2. No polling fallback after bootstrap
autoRescoreDirtyClosedEpisodes() is called once during init() and never again. After bootstrap completes, the daemon bridge sits permanently idle with no mechanism to retry missed episodes.
3. Two-bridge isolation (contributing factor)
The viewer daemon bridge (--daemon) and JSON-RPC bridge (--no-viewer) are separate processes with separate in-memory event buses. New captures flow through the JSON-RPC bridge's pipeline; the daemon's reward subscriber never sees those events. The daemon only activates its own pipeline during init().

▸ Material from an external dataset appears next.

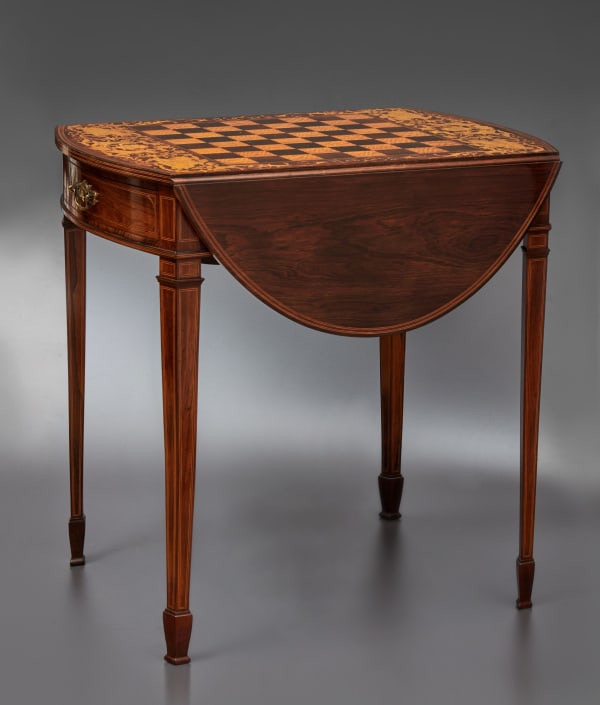 Collinson & Lock, A 19th Century inlaid chess table by Collinson & Lock, London, date circa 1890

Why exactly 7 episodes got scored?
Those 7 were open episodes with traces at init-time, processed by recoverOpenEpisodesAsSessionEnd() as "stale." All 219 closed abandoned episodes were silently excluded.
Fix (two changes, both in memory-core.ts)
1. Add closeReason === "abandoned" to episodeRewardIsDirty()
- (meta.closeReason === "finalized" || meta.recoveryReason === "missed_session_end")
+ (meta.closeReason === "finalized" ||
+ meta.closeReason === "abandoned" ||
+ meta.recoveryReason === "missed_session_end")
2. Add periodic rescore timer in init()
const rescoreInterval = setInterval(() => {
void autoRescoreDirtyClosedEpisodes().catch((err) => {
log.debug("periodic_rescore.error", {
err: err instanceof Error ? err.message : String(err),
});
});
}, 10 * 60 * 1000);
(rescoreInterval as unknown as { unref?: () => void }).unref?.();
This covers episodes that miss the startup scan (closed after init, or retry of failed reward runs). The 10-minute interval is safe because autoRescoreDirtyClosedEpisodes has its own 30-second dedup guard.
Results After Fix
Before (3,600 traces):
- r_human scored: 45 (1.3%)
- Large episodes completely skipped: ep_0f9jsh492n40 (1,367 traces), ep_x95apvvw7gdx (444 traces), ep_kt2ds1afhssq (222 traces)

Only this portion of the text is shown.